**About this exercise**
Repeat the listing that follows character for character, omitting images.

**Exercise data**
--- --- ---

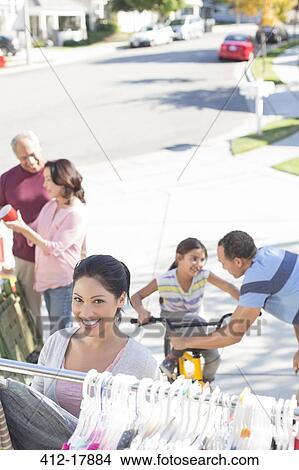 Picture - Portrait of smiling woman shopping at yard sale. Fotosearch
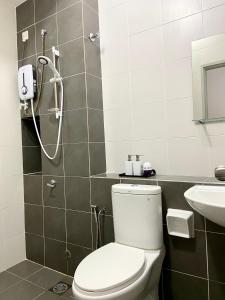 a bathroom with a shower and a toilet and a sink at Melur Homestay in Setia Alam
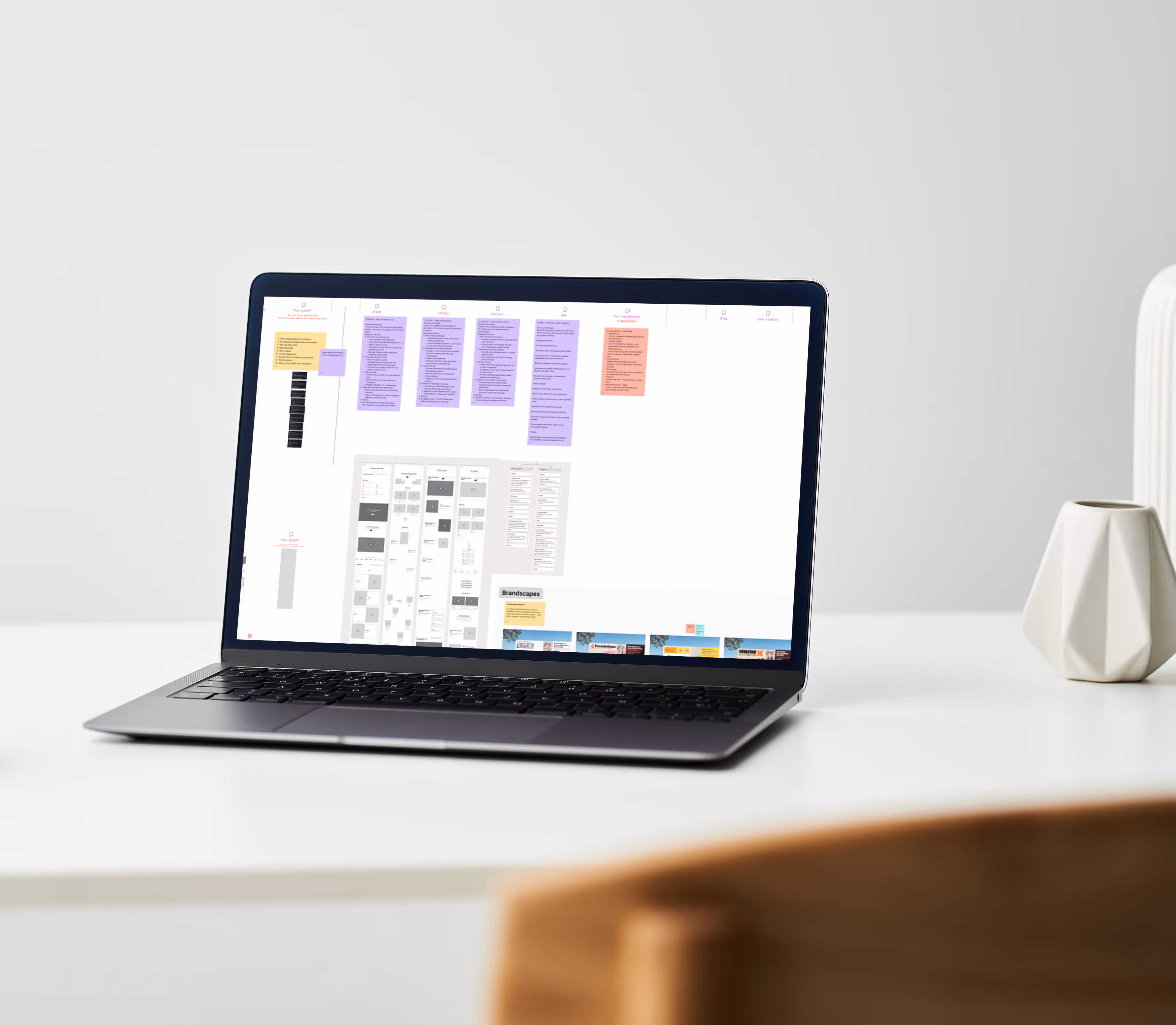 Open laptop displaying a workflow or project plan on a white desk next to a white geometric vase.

--- --- ---

**Problem solution**
 Picture - Portrait of smiling woman shopping at yard sale. Fotosearch
 a bathroom with a shower and a toilet and a sink at Melur Homestay in Setia Alam
 Open laptop displaying a workflow or project plan on a white desk next to a white geometric vase.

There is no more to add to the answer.